=== Begin Enclosure ===
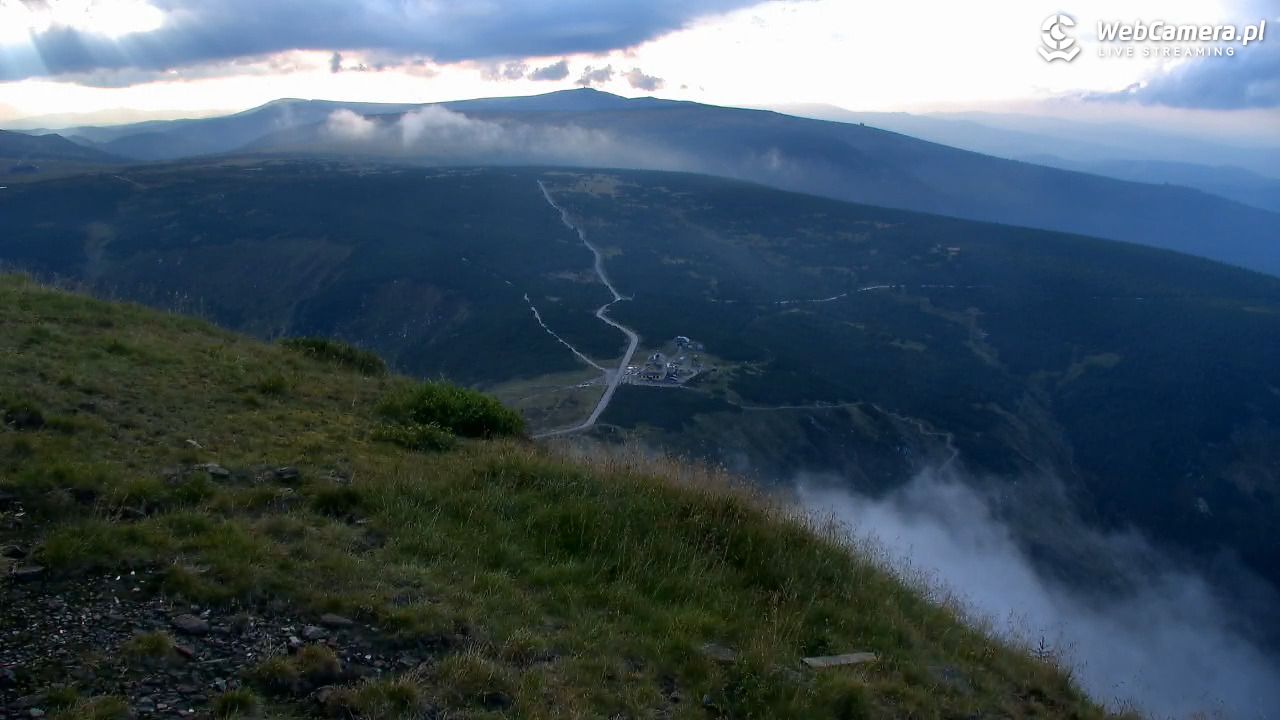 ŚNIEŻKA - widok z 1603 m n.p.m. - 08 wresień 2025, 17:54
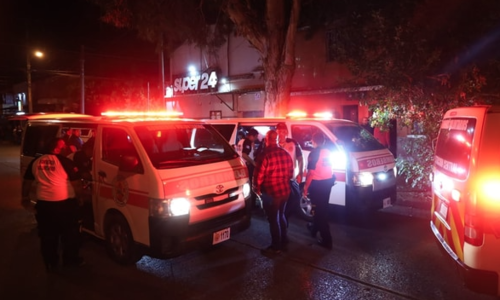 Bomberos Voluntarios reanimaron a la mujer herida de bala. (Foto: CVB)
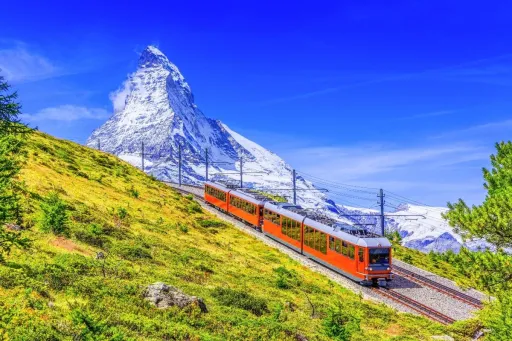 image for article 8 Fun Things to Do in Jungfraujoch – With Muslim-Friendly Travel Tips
=== End Enclosure ===
Recopy the whole listing above precisely, excluding images.

### ANSWER TO THE EXERCISE
 ŚNIEŻKA - widok z 1603 m n.p.m. - 08 wresień 2025, 17:54
 Bomberos Voluntarios reanimaron a la mujer herida de bala. (Foto: CVB)
 image for article 8 Fun Things to Do in Jungfraujoch – With Muslim-Friendly Travel Tips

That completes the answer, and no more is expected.